For practices that operate across the EEA, the discipline of tracking national CASP registers is now part of the standard compliance and audit toolkit. The FMA's 3 July notice is a reminder that the register is live and actively updated.

Source: FMA Liechtenstein

LIGeneralEffectiveAML/KYC & Licensing

FAQ

What does the FMA Liechtenstein CASP registration mean for firms with digital asset clients?

It confirms that a new provider has met the MiCAR requirements for operating as a crypto asset service provider in Liechtenstein. Accounting firms and auditors should use the FMA's public register to verify the regulated status of any Liechtenstein-based digital asset counterparty, particularly given that the MiCA transitional period closed on 1 July 2026.

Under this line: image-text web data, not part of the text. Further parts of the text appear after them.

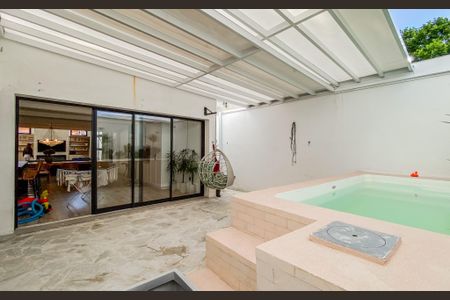 Casa à venda com 600m², 3 quartos e 8 vagasÁrea gourmet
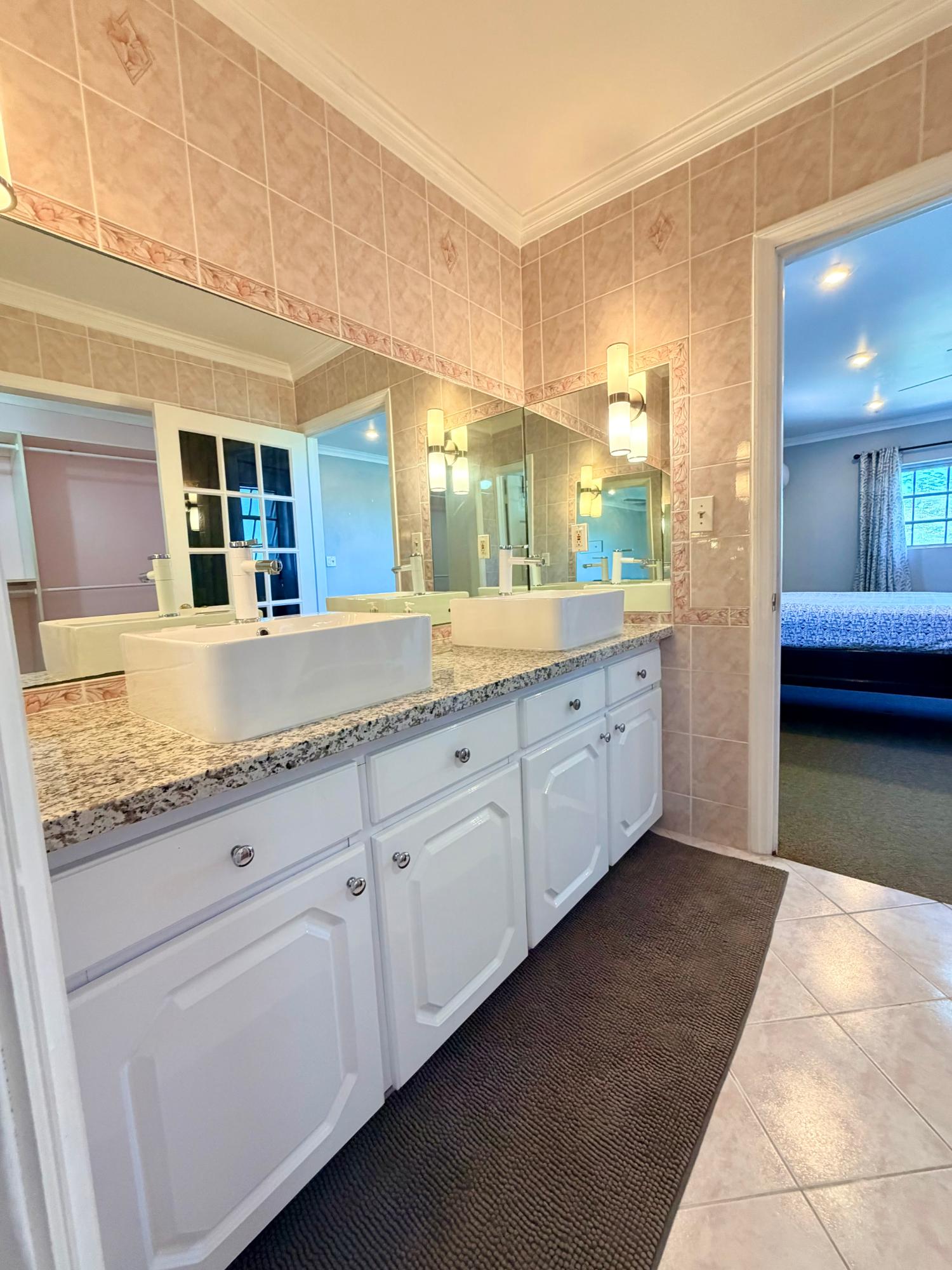 4 BEAUMONTIA AVE. GARDEN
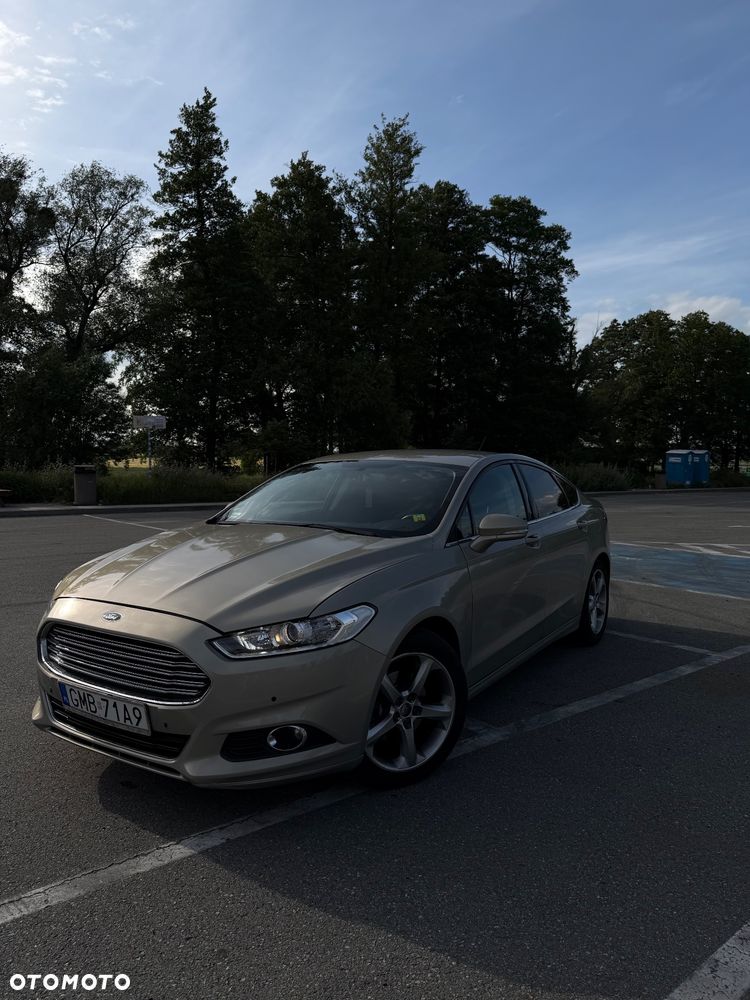 Ford Fusion - 1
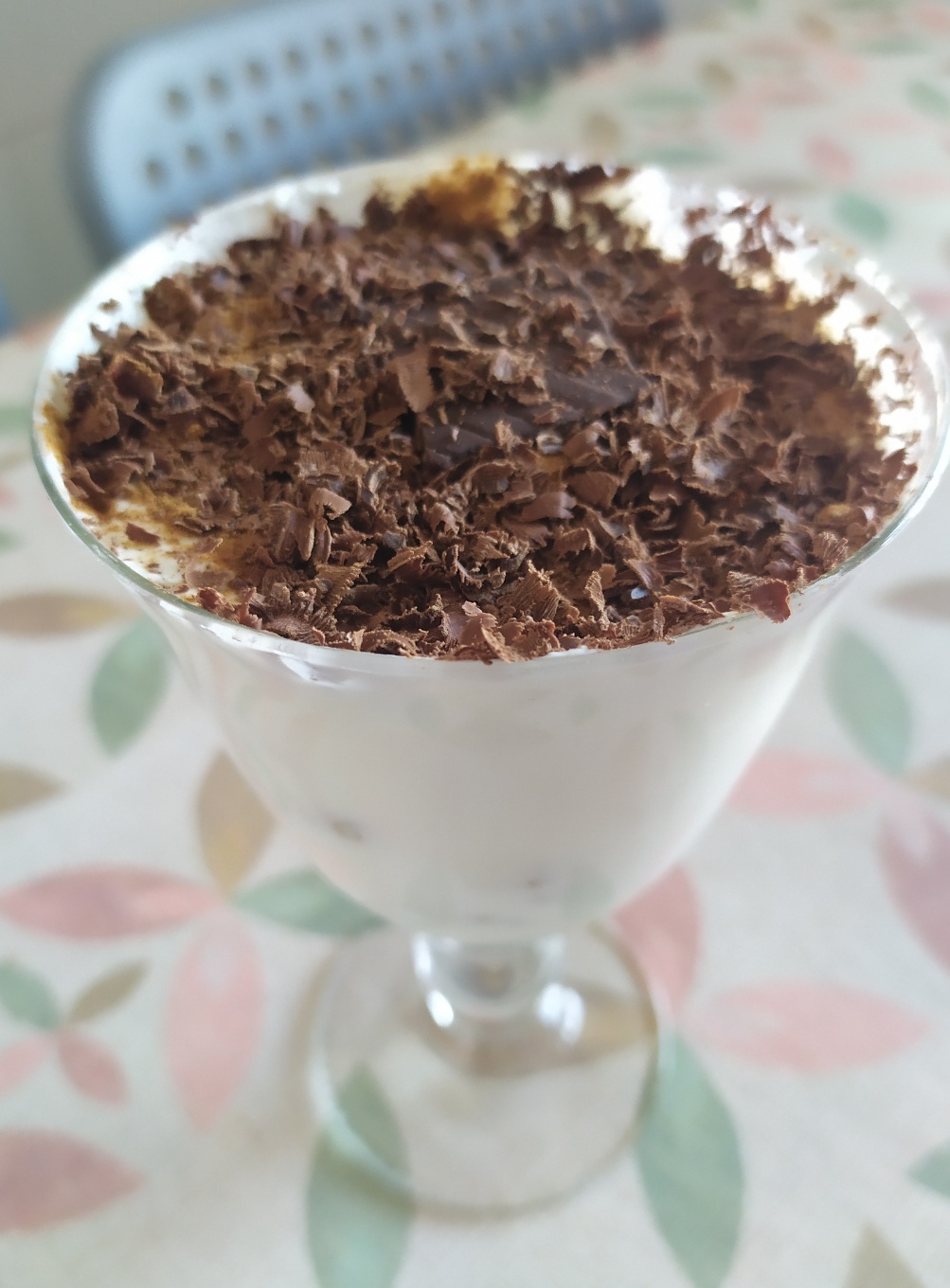 Queso fresco batido con chocolate, canela y nueces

What is the difference between a MiCAR registration and a MiCAR authorization in Liechtenstein?

Under MiCAR, a registration applies specifically to providers of crypto asset transfer services for the account of clients. A full authorization covers the broader range of CASP services including exchange, custody, and portfolio management. Both require compliance with AML/CFT, governance, and client asset rules, but the permitted activity scope differs.

Can a CASP registered by the FMA Liechtenstein operate in other EEA countries?

Yes. MiCAR includes a passporting mechanism that allows a CASP authorized or registered by its home-state competent authority, in this case the FMA, to provide services across the EEA without requiring a separate license in each member state. The home-state regulator remains the lead supervisor.

Where can I verify whether a Liechtenstein entity holds a current CASP registration or authorization?

The FMA maintains a public register of authorized and registered entities. The FMA website is the primary authoritative source. Registration notices such as this one are published as they are granted, and the register reflects current status including any revocations or suspensions.

How should audit teams incorporate CASP registration status into their work?

Auditors should confirm MiCAR registration or authorization status as part of counterparty and going concern assessments. A client that is itself a CASP, or holds material balances with one, presents different regulatory risk depending on whether the CASP holds a current MiCAR status. Engagement terms and working papers should document the verification step and the evidence relied upon.